To celebrate, the company has resurrected its hit show Limbo which, more than 10 years after its first iteration at Adelaide Fringe, has been updated and rebadged as Limbo: The Return. In between, for those who remember, was Limbo Unhinged.

A curated combo of cabaret, circus, acrobatics and heart-thumping live music, Limbo: The Return takes us on a journey to a place beyond time …

If you’ve experienced Limbo in the past, you may recognise a few faces and enjoy meeting new ones.

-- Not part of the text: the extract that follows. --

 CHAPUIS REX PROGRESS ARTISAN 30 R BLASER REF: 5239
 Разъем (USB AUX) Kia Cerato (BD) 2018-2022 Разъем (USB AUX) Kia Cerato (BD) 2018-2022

Purgatory looks like a lonely place but our eight cast members do their best to take their audience to the edge and back with their fire breathing, tightrope walking, tap dancing, whip cracking moments – and more – all unfolding while a funky and eclectic musical score transports us to Limbo with them.

Sxip Shirey is back as the maestro, air raid siren and harmonica firmly in his grip. The Brooklyn, US, composer, producer and sound artist is joined by Grant Arthur on the over-sized sousaphone and Mike Stuart playing anything from drums and bass to guitar and saxophone. Stuart also plays a unique instrument of his own device, The Polymba. Crazy sounds that get your heart pounding.

Rope virtuoso and Londoner Ben Loader expertly ascends to the ceiling of The West End Electric to the haunting sounds of Sydney vocalist Clara Fable.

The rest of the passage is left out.